Every time an athlete triumphs over another, his first instinct is to do a victory dance.
With the Olympics coming up, athletes will talk a lot about how they hope to do their best, rely on their training, and engage their fellow medal contenders in some intense, but friendly competition.
That’s all bunk. In a study conducted by researchers at San Francisco State University, it turns out that athletes’ first reaction after victory is to strut. Or at least the modern version of it, which includes throwing their hands up in the air, puffing out their chest and pulling their head back, all while wearing an enormous grin of satisfaction on their faces.
Those are contemporary signs of dominance, says the study’s author, David Matsumoto, a professor of psychology at the university who began studying the phenomenon after noticing it during his years as the U.S. Olympic coach for judo. While some have labeled the behavior as signs of pride, Matsumoto believes otherwise. “What I saw everyday in training and in competition had nothing to do with pride,” he says. “It’s all about just having clobbered somebody. It’s a sign or signal given to other members of the community who are watching.”
The more he observed and thought about the reaction, the more Matsumoto became convinced that it was based on a need to express triumph, and dominance – and that it was something instinctive, that athletes weren’t even aware of conscious of doing.
To find out, he and his colleagues decided to study video of Olympic judo medal matches and zeroed in on the athletes’ very first reactions after the match was over. They studied more than 35 athletes from different countries, including congenitally blind competitors in the Paralympics. And in their report published in the journal Motivation and Emotion, they found that victors consistently engaged in any of a number of dominance behaviors, including throwing their hands up, expanding their chests, shouting, making fists, or pumping the air. The losers in the matches never exhibited such reactions, instead keeping their heads down and averting their gaze from those nearby.
From his previous work Matsumoto coded these behaviors as expressing dominance rather than pride (since pride tended to be more reflective) occur at least a few seconds after the victory, and involve more gentle and internally directed behaviors.
“In any competition, once the competition starts, athletes are in the zone. In judo, all their thinking is about winning the match,” he says. “They are not thinking about their country, or how they overcame injuries or about their love for their brother or sister. Once it ends, a few seconds later, that stuff comes into play. But when you look at the first reaction, what you get are triumphant behaviors.”

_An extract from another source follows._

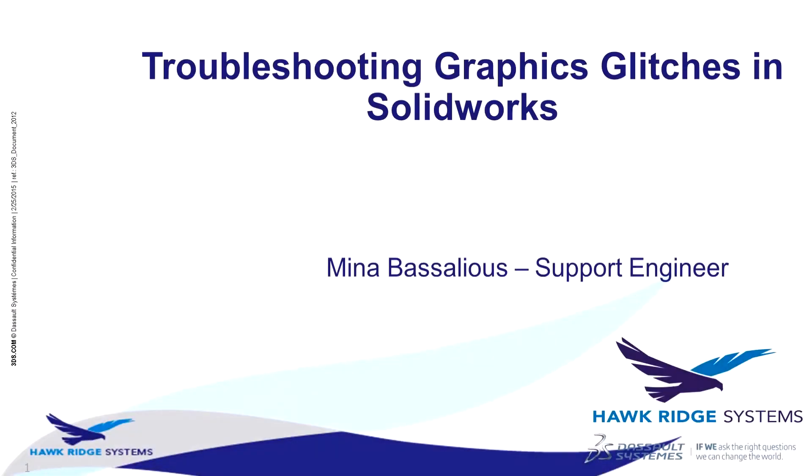Hello and welcome to this Hawkridge System screencast. My name is Mina Baselius and today I'll be walking you through troubleshooting graphics glitches in SOLIDWORKS.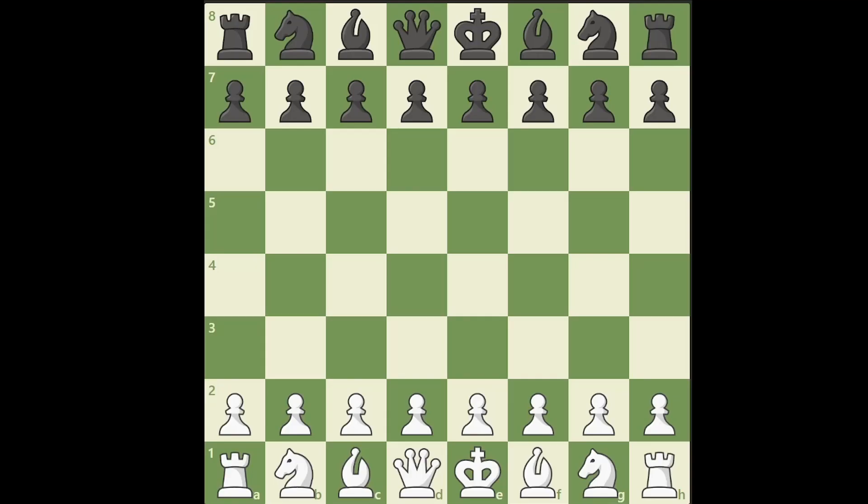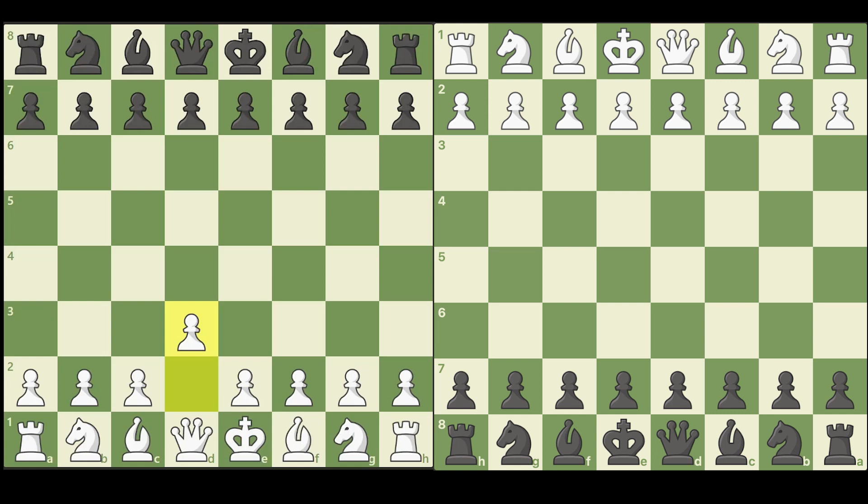One player made a move and in their game something happened, but in the other game it didn't. Consequently, what each player saw on their screen was different, and this desynchronization ended up causing the game to break a couple moves later.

Animal studies support that theory. Studies show that immediately after antagonistic encounters, the victor struts, enlarges its body and growls or exhibits other aggressive behaviors, likely to signal that he is the dominant figure and worthy of the group’s respect.

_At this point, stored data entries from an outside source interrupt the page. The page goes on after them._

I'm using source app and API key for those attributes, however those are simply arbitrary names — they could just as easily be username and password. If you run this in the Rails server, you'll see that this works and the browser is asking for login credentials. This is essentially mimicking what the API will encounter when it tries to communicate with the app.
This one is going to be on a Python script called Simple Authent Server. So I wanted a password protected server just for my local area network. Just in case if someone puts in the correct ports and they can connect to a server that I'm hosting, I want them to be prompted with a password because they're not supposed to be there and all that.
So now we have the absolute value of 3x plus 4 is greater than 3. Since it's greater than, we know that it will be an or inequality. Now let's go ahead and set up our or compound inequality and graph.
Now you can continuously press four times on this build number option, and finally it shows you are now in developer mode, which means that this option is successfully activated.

Even human studies suggest the same thing. In an earlier study also involving Olympic judo athletes published last year, Matsumoto and his colleagues showed cultural differences in how extensive the displays of dominance were. By correlating the number of dominance behaviors to something called the Power Distance – a standard measure of how hierarchical societies are – they revealed that athletes from countries where social hierarchies were more important tended to engage in more dominance behaviors, while those from countries that were more egalitarian displayed fewer.

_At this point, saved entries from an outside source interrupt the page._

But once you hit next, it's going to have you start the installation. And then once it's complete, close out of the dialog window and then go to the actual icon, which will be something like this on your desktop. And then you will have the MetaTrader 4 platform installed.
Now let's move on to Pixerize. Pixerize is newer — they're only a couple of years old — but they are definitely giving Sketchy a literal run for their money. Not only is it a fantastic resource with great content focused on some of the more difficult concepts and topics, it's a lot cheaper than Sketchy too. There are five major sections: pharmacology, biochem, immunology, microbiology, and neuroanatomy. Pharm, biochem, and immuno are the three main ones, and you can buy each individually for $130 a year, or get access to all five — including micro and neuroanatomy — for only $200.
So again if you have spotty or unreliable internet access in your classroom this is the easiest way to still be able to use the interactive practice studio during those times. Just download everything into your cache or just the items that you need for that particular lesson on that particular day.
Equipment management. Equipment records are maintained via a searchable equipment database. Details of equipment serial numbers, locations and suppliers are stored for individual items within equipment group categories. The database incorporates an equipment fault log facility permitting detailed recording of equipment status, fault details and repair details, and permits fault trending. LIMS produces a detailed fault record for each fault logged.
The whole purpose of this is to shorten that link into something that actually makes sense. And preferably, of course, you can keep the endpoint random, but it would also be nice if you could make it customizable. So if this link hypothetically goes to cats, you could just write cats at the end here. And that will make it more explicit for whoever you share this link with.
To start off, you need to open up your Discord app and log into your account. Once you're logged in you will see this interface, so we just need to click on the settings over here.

Bolstering the idea that such behaviors are instinctive and not learned, Matsumoto also documented the same effect among Paralympic athletes who were born blind, and therefore never had the opportunity to observe the dominance displays. “This is a phenomenon that is occurring in people all around the world, in people who are blind and never saw it happen,” he says. “There is something wired in us to do that at that particular moment.”
Why would such dominance displays remain part of our behavioral armamentarium, emerging even during encounters when lives and food and other life-dependent factors are not at stake? “It raises interesting questions about the history of sports in general,” says Matsumoto. “They are rarified forms of competition, and there is something very basic and primal about sports that lends itself nicely to these reactions and keeps them alive.”
And as sportsmanlike as Olympic competition is today, with athletes from around the world meeting under the principles of fair play and friendly rivalry, you can bet that you’ll see a lot of victory stances come February. The athletes, it turns out, just can’t help themselves.